*Problem to solve*
The task for the listing below is to write out exactly the lines starting at the one containing "Srochna sotiladi xolati" and ending at the one containing "Certified 2024 Porsche", both included. Pictures are to be omitted.

*Source data*
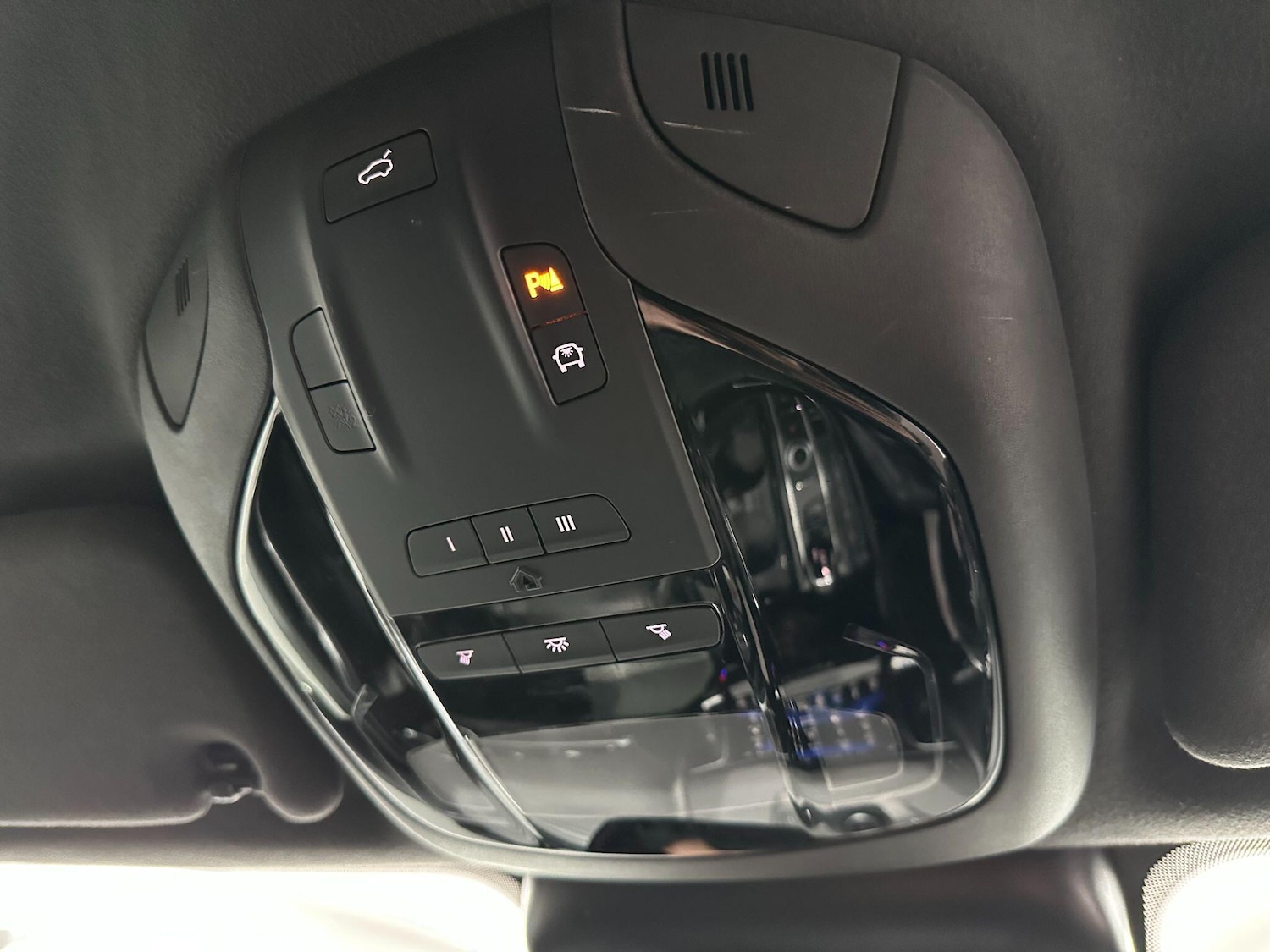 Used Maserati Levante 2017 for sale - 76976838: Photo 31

==

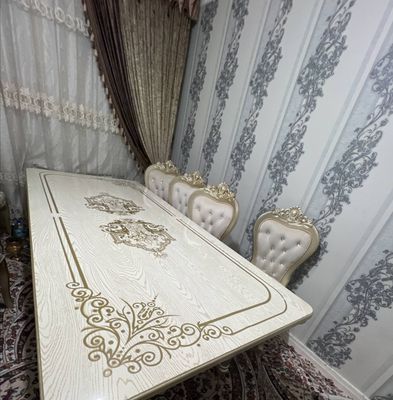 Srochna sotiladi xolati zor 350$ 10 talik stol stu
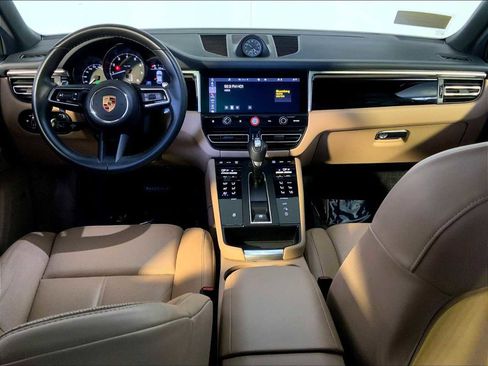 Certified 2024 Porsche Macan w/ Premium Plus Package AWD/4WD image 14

*Solved problem*
 Srochna sotiladi xolati zor 350$ 10 talik stol stu
 Certified 2024 Porsche Macan w/ Premium Plus Package AWD/4WD image 14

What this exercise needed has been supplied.